» **Requirement**: Lines before the one containing "Heiligenberg, Monastery of" are not copied; that line and every one after it, through the end of the material below, are printed exactly, without pictures.

» **Given information**:
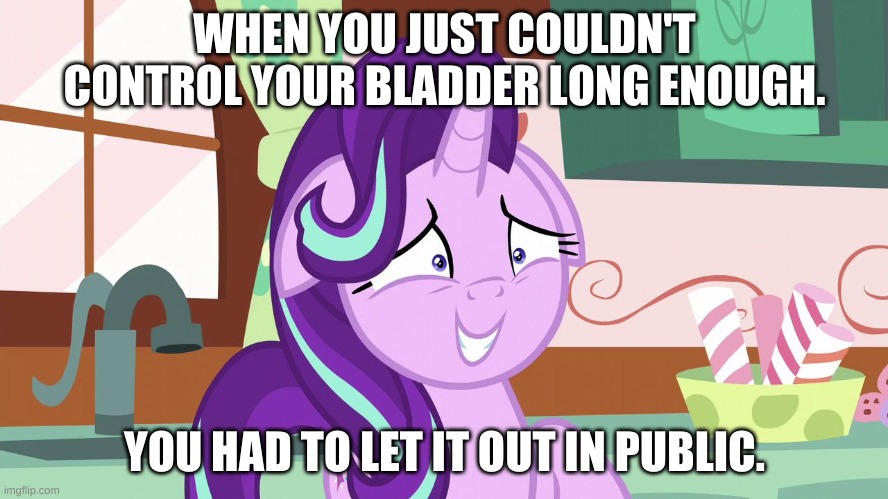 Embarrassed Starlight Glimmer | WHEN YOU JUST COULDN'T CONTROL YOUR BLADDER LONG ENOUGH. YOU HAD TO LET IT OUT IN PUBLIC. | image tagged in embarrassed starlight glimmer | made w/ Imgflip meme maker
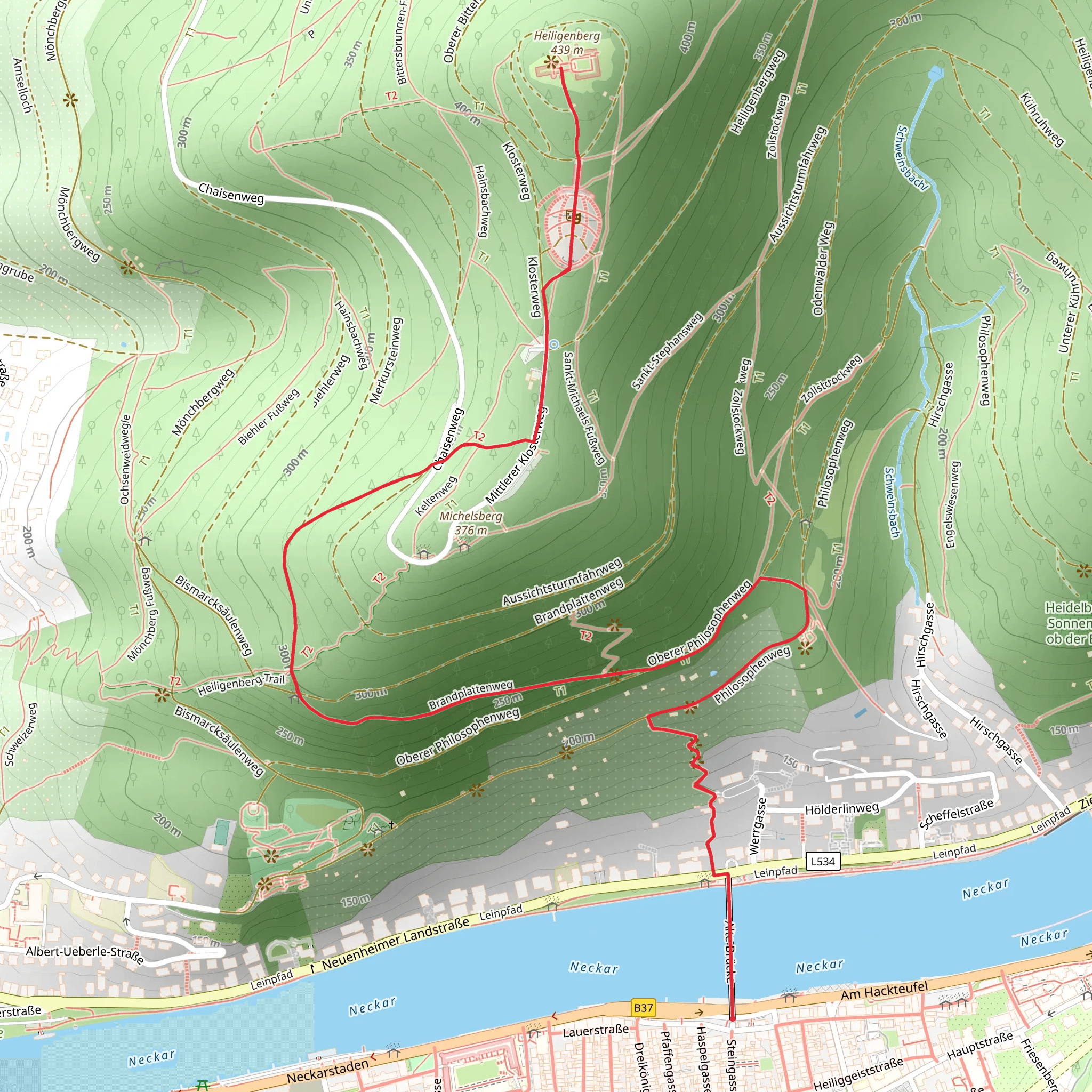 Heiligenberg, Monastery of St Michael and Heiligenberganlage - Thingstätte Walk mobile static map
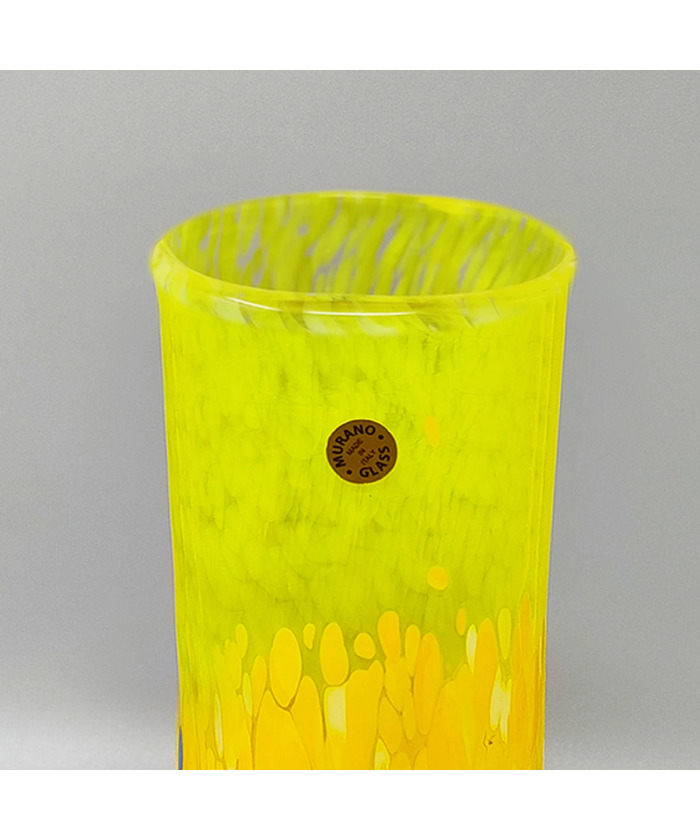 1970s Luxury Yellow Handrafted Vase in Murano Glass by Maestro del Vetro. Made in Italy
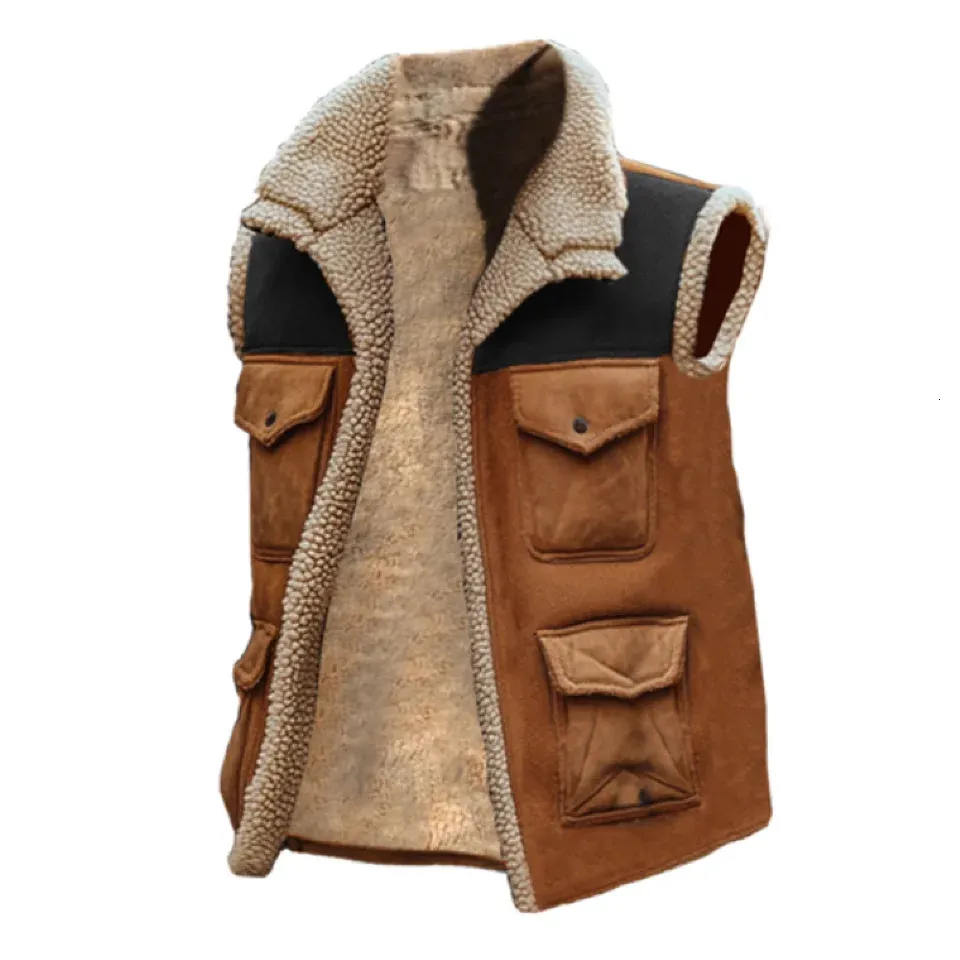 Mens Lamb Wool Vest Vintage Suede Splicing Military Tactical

» **Response to this task**:
 Heiligenberg, Monastery of St Michael and Heiligenberganlage - Thingstätte Walk mobile static map
 1970s Luxury Yellow Handrafted Vase in Murano Glass by Maestro del Vetro. Made in Italy
 Mens Lamb Wool Vest Vintage Suede Splicing Military Tactical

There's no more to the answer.